The logic of creation requires God to be God as much as it requires creation to be finite; without a clear assertion that God cannot be conceived as passive or divisible, we are left with various versions of a universe in which divine and finite being are in some sense understood as univocally related, in such a way that the divine self-subsistence and liberty are put in question.

 

And what Williams says here applies to the doctrine of God found in all churches and institutions which profess Nicene Trinitarianism and Chalcedonian Christology, whether Eastern Orthodox, Roman Catholic or most important from my own ecclesiastical perspective, Reformed.  Even a quick glance at the Three Forms of Unity, the Westminster Standards, or the Second London Confession makes it abundantly clear that they each affirm that God is simple, immutable, and impassible. This Nicene faith is Protestant orthodoxy too. 

 

At this point, some may be tempted to ask, But isn’t this all a bit abstruse and irrelevant to everyday Christianity?   Well, whatever the subtlety of language and concepts developed in the course of these discussions about God, I would urge the reader never to forget that the basic motivation which drove creedal development and refinement was this: the church was striving to confess with both humility and precision a God in whose Trinitarian name we are all baptized and a Christ who is both Lord and who saves.  There is nothing more doxological or practical than that.  And (again a theme to which we shall return) it reminds us that the church worships God not only for what he has done for us but also for who he is in himself. 

 

In my next post I want to turn to the strengths and limitations of the discipline of Biblical Theology.

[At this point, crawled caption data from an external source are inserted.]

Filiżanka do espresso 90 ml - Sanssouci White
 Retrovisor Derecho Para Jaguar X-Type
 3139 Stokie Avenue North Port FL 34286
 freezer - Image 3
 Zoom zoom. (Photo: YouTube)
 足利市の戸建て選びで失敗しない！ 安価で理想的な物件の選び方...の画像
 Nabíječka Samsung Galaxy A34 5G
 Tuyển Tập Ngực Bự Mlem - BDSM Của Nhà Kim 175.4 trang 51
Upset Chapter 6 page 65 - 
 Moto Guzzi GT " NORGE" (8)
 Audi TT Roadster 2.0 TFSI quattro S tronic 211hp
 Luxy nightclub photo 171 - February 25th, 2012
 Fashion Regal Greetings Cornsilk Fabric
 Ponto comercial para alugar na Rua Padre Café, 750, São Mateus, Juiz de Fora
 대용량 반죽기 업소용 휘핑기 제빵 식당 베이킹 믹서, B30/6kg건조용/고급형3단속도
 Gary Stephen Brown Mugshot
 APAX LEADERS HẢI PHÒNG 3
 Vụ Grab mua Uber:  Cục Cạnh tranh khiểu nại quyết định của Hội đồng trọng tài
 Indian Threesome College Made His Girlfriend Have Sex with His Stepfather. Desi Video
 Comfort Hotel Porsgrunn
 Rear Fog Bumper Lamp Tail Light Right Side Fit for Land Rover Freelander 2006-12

As a postscript, anyone concerned that the biblical doctrine of God is either unpreachable or unpastoral might want to see how pastor Liam Goligher preaches simplicity in this sermon and how theologian Todd Billings explains in this article how he has found divine impassibility to be vital in his own time of illness.

* I am grateful to Rev. Chad Vegas for reminding me that 'hypostasis' is found in Heb. 1:3.   I should have expressed myself more clearly on this point: the meaning of the term, as debated and used by the Fathers, is not an obvious given in scripture.